Panamá, in only its second significant international tournament, advanced to the second round by beating Columbia 1-0, tying Trinidad & Tobago 2-2, and losing to Honduras 0-1; advanced to the Semifinals by beating South Africa 5-3 on penalty kicks (1-1 in regulation); and advanced to the Finals by beating Colombia 3-2. In the Finals they finally succumbed to heavily-favored USA, but not after extending a 0-0 tie into the penalty kick phase.

Wow! As their coach, José 'Che Che' Hernandez, said, "We lost to a great rival and a great team today, but throughout this competition we have represented Panamá with honour and dignity and I am immensely proud of my team." Watching Panamá these past two weeks has been as great as any World Cup. I wish I could personally thank goalkeeper Jaime Penedo (whom we've nicknamed Mullet Boy, Goalie Pants, and Samson), defenseman Felipe Baloy, strikers Jorge Luis Dely Valdes and Luis Tejada, and, of course, midfielders Julio Medina III and Ricardo 'Paton' Phillips for showing the world that the Canaleros can play with anyone.
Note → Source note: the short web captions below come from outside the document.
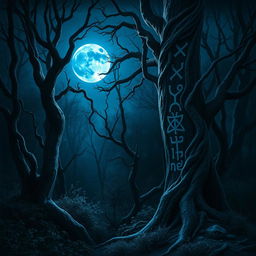 A captivating scene of a blue moon shining down on a dark, enchanted forest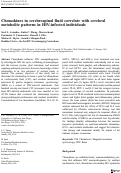 Cover page: Chemokines in cerebrospinal fluid correlate with cerebral metabolite patterns in HIV-infected individuals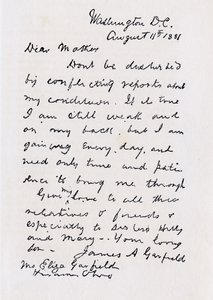 Carta de James Abram Garfield para sua mãe, de &39;From Log Cabin para White House&39; por William M. Thayer, publicado por Hodder und Stoughton, 1905 de James Abram Garfield
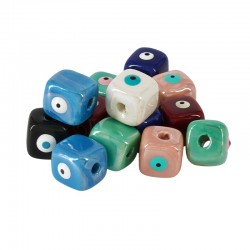 Passante in Ceramica Smaltata Cubo con Occhio Portafortuna 10mm (Ø 2.7mm)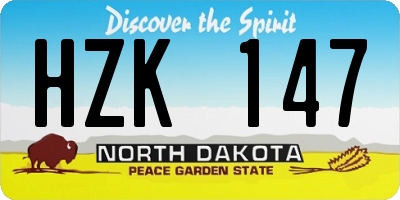 ND license plate HZK147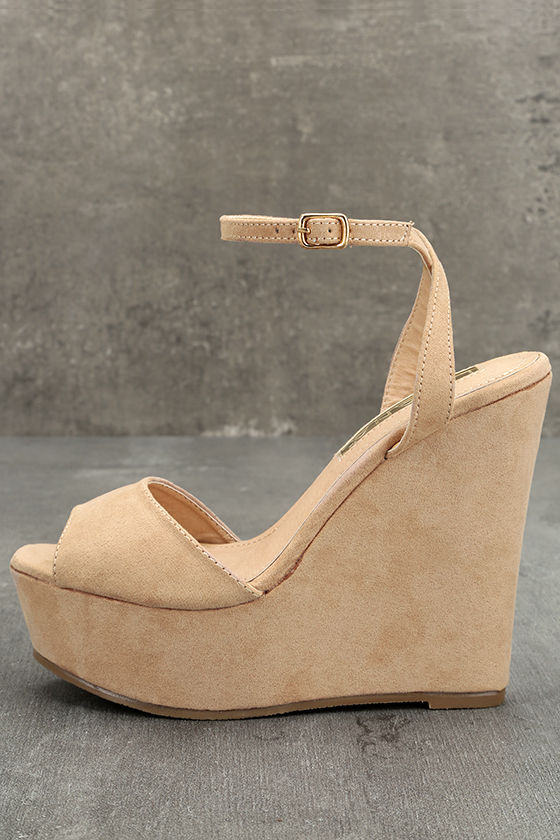 Nahele Nude Suede Ankle Strap Wedges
I thought the 3-2 victory over Colombia was one of the most exciting matches I'd ever seen. All 5 goals were great goals. You know it takes a great effort to get one by on Penedo, and Colombia had 2 such great efforts. And the 3 Panamá goals were textbook. Number 1: on a foul kick, Medina sends the ball into the middle in front of the goal, where Phillips puts in the perfect header just past the goalie's hands. Number 2: Luis Moreno makes the perfect centering pass, and all Dely Valdes has to do is stretch his leg in and tap the ball into goal. Number 3: Tejada takes the ball and charges up the middle, drawing two defenders in; at the last moment he passes to Phillips, who had been running alongside and showed the whole world why he is called 'Paton' (big kick/leg) with the perfectly placed crossing strike.

But Sunday's Final was one of the best soccer games I have seen, period. Both teams gave it their all. The U.S. came out strong and took Panamá out of its ball-control game. Panamá adapted midway through the half, taking out a midfielder and adding an extra striker. The U.S. had trouble with this unexpected new look, and Panamá looked the better team throughout the second half and in the extra periods. Both teams had clear scoring opportunities. Panamá perhaps had the better opportunities, with Dely Valdes' attack bouncing off the crossbar and Tejada's backwards bicycle kick in traffic missing by only a few inches. DaMarcus Beasley had a clear opportunity for the U.S. as well, but Penedo stopped everything the U.S. sent his way. (And later an exhausted Beasley practically limped off the field for a substitute.) It was a matched that rivalled some of the best World Cup matches I have seen. (And I have to wonder how differently it would have ended if 'Paton' Phillips, called by some the heart and soul of Panamá's team, had been available to play in the Final.)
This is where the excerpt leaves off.